• _Dataset excerpts_
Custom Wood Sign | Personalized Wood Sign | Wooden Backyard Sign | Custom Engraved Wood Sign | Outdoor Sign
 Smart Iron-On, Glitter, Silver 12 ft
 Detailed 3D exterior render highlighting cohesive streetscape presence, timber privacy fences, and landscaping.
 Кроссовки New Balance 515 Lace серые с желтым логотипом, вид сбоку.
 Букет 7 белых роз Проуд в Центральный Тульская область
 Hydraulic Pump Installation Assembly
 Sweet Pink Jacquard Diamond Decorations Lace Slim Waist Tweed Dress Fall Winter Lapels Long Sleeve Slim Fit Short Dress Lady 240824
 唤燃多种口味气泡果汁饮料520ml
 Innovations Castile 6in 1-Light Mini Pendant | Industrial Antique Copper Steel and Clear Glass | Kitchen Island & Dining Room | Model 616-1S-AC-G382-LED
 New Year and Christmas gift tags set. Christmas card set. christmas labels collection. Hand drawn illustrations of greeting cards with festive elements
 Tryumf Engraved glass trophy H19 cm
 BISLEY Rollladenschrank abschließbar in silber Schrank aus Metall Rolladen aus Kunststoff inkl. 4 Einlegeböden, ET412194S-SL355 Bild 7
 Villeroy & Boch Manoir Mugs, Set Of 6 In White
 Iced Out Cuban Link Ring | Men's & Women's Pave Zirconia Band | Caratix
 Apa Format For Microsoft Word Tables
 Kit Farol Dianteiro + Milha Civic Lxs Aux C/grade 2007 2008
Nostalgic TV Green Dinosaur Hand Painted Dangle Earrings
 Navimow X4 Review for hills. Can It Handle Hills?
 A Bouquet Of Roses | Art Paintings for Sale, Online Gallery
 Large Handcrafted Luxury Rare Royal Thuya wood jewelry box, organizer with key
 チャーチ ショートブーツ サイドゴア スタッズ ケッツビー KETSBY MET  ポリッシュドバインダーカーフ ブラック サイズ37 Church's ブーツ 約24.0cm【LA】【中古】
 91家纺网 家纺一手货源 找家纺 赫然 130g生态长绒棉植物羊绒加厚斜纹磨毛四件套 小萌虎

• _What the task requires_
Among the records above, extract exactly the lines from the line with "Букет 7 белых" to the line with "Navimow X4 Review", both lines included, and leave out the rest.

• _Response to this task_
 Букет 7 белых роз Проуд в Центральный Тульская область
 Hydraulic Pump Installation Assembly
 Sweet Pink Jacquard Diamond Decorations Lace Slim Waist Tweed Dress Fall Winter Lapels Long Sleeve Slim Fit Short Dress Lady 240824
 唤燃多种口味气泡果汁饮料520ml
 Innovations Castile 6in 1-Light Mini Pendant | Industrial Antique Copper Steel and Clear Glass | Kitchen Island & Dining Room | Model 616-1S-AC-G382-LED
 New Year and Christmas gift tags set. Christmas card set. christmas labels collection. Hand drawn illustrations of greeting cards with festive elements
 Tryumf Engraved glass trophy H19 cm
 BISLEY Rollladenschrank abschließbar in silber Schrank aus Metall Rolladen aus Kunststoff inkl. 4 Einlegeböden, ET412194S-SL355 Bild 7
 Villeroy & Boch Manoir Mugs, Set Of 6 In White
 Iced Out Cuban Link Ring | Men's & Women's Pave Zirconia Band | Caratix
 Apa Format For Microsoft Word Tables
 Kit Farol Dianteiro + Milha Civic Lxs Aux C/grade 2007 2008
Nostalgic TV Green Dinosaur Hand Painted Dangle Earrings
 Navimow X4 Review for hills. Can It Handle Hills?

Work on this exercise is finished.